The fee sounds small, but the number of transactions is enormous, and the tax could raise tens of billions of dollars each year.

Karen Shaw Petrou is an economist at Federal Financial Analytics. She says Brussels voted for this tax not just to raise money without going to the average taxpayer, but also out of vengeance. The EU is effectively saying the banks behaved badly by engaging in risky transactions, and need to pay, she says.

EC President Jose Manuel Barroso noted EU member states have committed trillions of Euros in government guarantees to shore up the financial industry and asserted that the financial industry needs to pay some of this money back.

Petrou compares the Robin Hood Tax to the Obama Administration’s proposed Financial Crisis Responsibility Fee, which targets only the biggest banks. The EC proposal unleashes a wider net that traps pension funds, mutual funds and other institutions that would argue they didn’t get a bailout.

U.S. banks and institutions will be affected, Petrou says, noting any trades that U.S. financial institutions do in the EU will be taxed. She said unless the tax is adopted by every country in the world, it could drive business from the EU to other countries.

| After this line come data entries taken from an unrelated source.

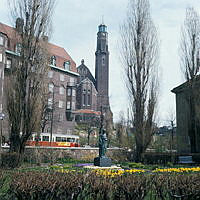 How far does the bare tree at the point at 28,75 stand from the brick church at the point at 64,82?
0.46m

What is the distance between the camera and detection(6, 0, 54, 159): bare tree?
15.1 m

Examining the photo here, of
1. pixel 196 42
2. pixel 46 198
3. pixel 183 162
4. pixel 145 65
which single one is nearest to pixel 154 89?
pixel 145 65

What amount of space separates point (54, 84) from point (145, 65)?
28.4 meters

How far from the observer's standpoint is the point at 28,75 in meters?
15.7

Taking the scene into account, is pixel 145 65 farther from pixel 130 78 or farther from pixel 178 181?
pixel 178 181

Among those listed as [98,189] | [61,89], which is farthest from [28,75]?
[61,89]

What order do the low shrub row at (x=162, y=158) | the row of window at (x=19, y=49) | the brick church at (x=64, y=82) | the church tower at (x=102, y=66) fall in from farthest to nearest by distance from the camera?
the church tower at (x=102, y=66) → the brick church at (x=64, y=82) → the low shrub row at (x=162, y=158) → the row of window at (x=19, y=49)

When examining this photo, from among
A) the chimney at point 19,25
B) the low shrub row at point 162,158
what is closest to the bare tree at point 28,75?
the chimney at point 19,25

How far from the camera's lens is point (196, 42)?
2356 centimetres

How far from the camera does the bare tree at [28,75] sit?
49.5 ft

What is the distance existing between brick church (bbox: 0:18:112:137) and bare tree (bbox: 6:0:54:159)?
18.2 inches

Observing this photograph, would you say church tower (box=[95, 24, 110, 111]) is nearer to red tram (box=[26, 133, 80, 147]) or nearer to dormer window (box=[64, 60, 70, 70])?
dormer window (box=[64, 60, 70, 70])

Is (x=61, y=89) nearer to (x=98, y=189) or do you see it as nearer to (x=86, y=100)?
(x=86, y=100)

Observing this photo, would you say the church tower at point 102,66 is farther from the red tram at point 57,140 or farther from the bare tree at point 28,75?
the bare tree at point 28,75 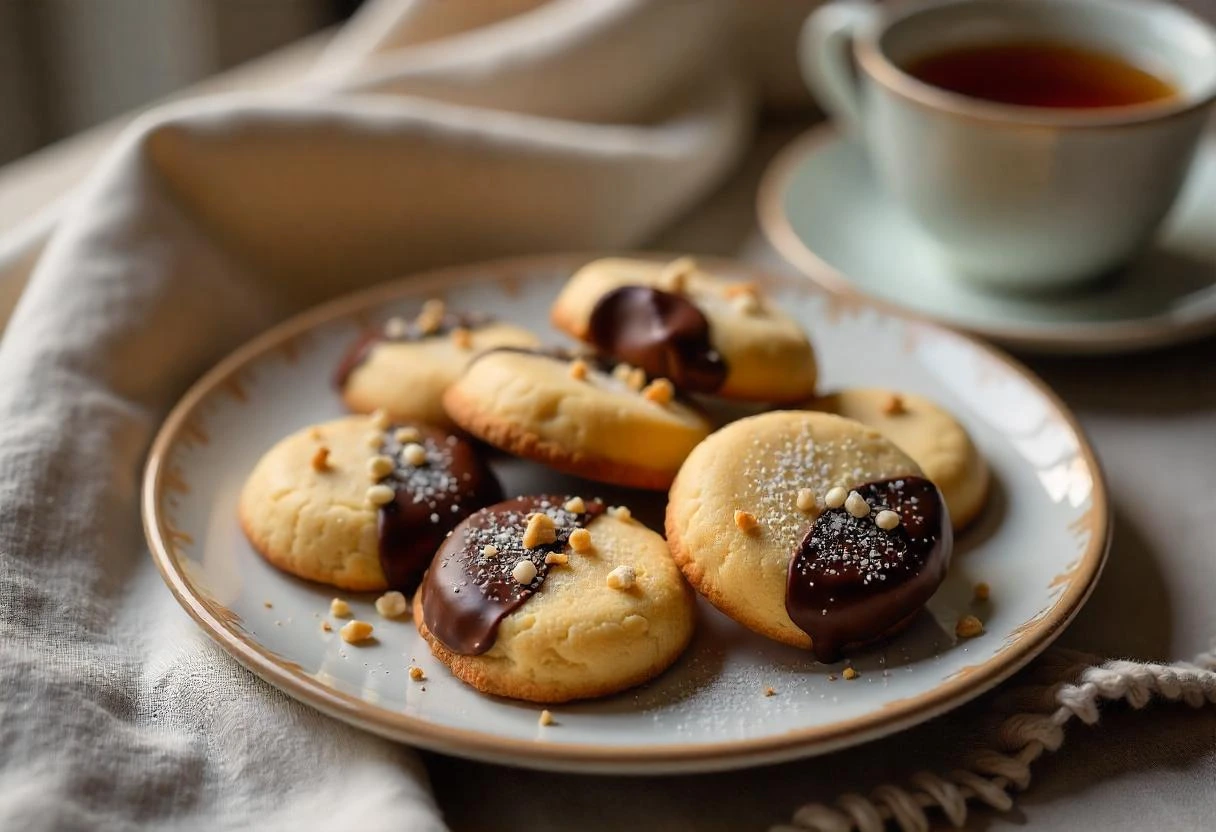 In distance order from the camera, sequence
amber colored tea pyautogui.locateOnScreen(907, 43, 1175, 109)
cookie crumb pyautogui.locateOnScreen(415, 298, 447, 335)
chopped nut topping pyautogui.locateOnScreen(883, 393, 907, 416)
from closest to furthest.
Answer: chopped nut topping pyautogui.locateOnScreen(883, 393, 907, 416) → cookie crumb pyautogui.locateOnScreen(415, 298, 447, 335) → amber colored tea pyautogui.locateOnScreen(907, 43, 1175, 109)

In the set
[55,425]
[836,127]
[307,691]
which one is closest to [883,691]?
[307,691]

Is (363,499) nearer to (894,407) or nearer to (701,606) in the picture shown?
(701,606)

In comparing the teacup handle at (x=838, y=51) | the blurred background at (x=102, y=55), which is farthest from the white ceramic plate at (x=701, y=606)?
the blurred background at (x=102, y=55)

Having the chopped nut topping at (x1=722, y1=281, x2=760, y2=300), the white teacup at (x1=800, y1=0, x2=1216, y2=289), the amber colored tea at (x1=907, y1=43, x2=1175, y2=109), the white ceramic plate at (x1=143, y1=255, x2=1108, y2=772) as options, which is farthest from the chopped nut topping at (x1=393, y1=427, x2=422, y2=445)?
the amber colored tea at (x1=907, y1=43, x2=1175, y2=109)

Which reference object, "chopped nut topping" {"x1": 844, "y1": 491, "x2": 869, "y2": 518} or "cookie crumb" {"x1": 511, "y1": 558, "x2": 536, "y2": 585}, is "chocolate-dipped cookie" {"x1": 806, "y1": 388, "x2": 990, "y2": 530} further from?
"cookie crumb" {"x1": 511, "y1": 558, "x2": 536, "y2": 585}

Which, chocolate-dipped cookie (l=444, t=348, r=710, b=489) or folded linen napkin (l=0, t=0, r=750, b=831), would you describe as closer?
folded linen napkin (l=0, t=0, r=750, b=831)

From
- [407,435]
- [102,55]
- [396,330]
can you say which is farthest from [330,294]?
[102,55] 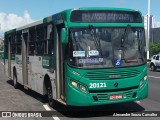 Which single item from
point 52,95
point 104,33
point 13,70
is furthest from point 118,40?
point 13,70

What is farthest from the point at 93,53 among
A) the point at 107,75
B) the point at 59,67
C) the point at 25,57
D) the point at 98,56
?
the point at 25,57

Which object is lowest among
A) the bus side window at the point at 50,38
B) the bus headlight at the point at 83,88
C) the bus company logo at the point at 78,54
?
the bus headlight at the point at 83,88

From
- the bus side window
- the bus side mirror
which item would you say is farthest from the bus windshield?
the bus side window

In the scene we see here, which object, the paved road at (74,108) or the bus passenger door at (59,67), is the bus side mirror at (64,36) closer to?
the bus passenger door at (59,67)

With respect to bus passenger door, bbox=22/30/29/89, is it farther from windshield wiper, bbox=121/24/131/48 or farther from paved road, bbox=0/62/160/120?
windshield wiper, bbox=121/24/131/48

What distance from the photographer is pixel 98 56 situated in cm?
975

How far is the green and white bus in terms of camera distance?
9680 millimetres

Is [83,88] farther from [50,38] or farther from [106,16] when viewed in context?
[50,38]

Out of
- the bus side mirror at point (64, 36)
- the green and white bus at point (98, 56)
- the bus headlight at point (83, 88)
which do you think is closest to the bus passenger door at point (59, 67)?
the green and white bus at point (98, 56)

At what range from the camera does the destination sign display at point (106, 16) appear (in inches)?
391

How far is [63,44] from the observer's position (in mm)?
9953

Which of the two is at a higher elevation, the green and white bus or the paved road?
the green and white bus

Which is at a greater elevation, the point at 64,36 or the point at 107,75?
the point at 64,36

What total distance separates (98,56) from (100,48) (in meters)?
0.22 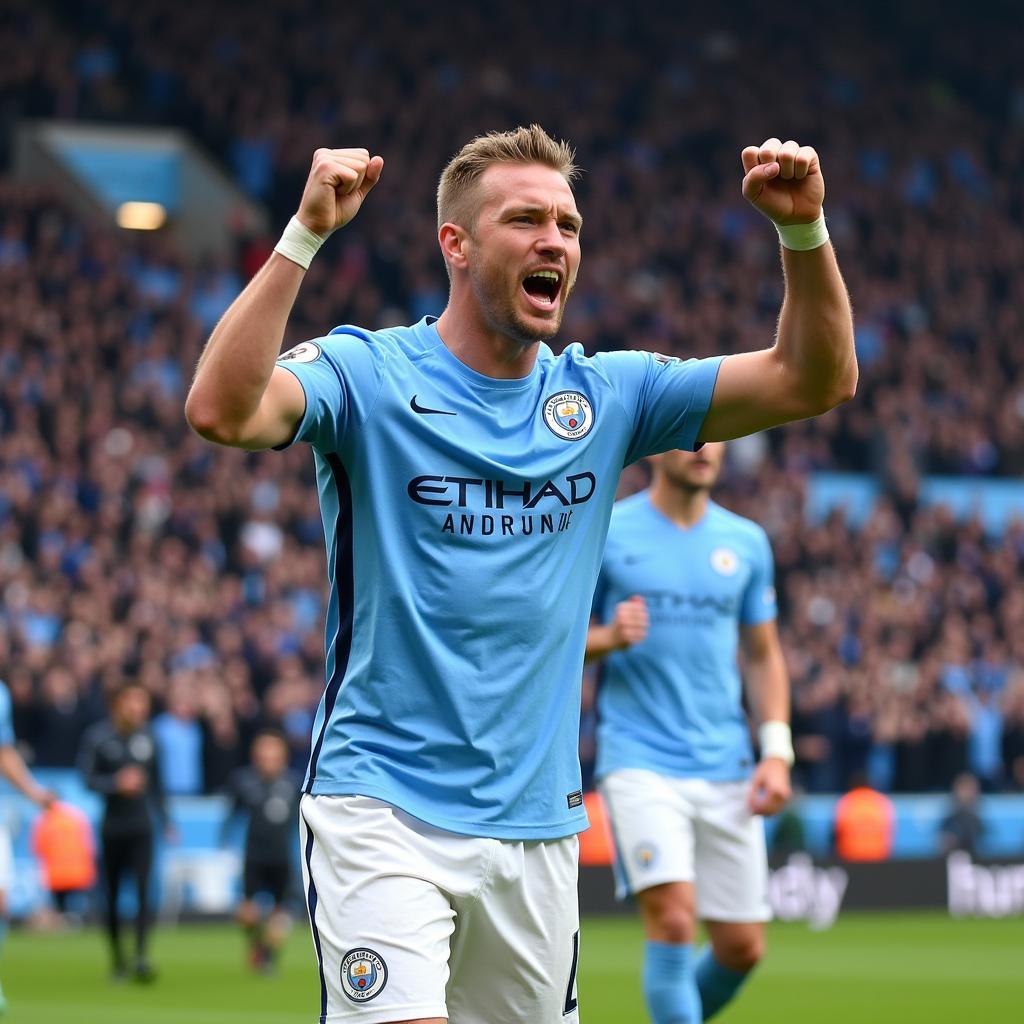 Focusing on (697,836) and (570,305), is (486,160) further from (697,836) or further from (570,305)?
(570,305)

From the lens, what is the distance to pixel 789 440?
100 ft

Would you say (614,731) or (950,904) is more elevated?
(614,731)

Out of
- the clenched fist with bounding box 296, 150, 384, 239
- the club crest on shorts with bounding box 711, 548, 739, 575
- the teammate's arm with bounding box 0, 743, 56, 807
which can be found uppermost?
the clenched fist with bounding box 296, 150, 384, 239

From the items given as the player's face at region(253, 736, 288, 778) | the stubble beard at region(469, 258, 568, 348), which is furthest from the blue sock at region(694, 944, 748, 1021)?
the player's face at region(253, 736, 288, 778)

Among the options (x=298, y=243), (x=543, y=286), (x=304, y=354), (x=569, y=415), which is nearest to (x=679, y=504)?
(x=569, y=415)

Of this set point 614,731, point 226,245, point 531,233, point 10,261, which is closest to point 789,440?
point 226,245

Tax havens such as the Cayman Islands could benefit, but the U.S. could also see some business come its way, too.

The notion that financial companies could favor New York over London as a place to trade has turned Britain into a strong opponent of the tax, which it sees as a Continental assault on the City of London’s primacy as a financial center.

In the U.S., unions are strongly in favor of the transaction tax, and Petrou notes the AFL-CIO has called for the imposition of the tax right across the G-20 nations. U.S. financial institutions are utterly opposed to any kind of trading fee, however, and so far the government hasn’t even suggested adopting the European tax.


Also on the show today, a new study from the University of St Gallen in Switzerland, Der Spiegel reports that traders are even more psycho than the average psycho! Researchers ran tests on 28 traders, and found that stockbrokers’ behavior is more reckless and manipulative than that of psychopaths. That news, coming as it does in the midst of a mild financial crisis, nearly halted the Marketplace Daily Pulse altogether today and had us calling for a crash cart.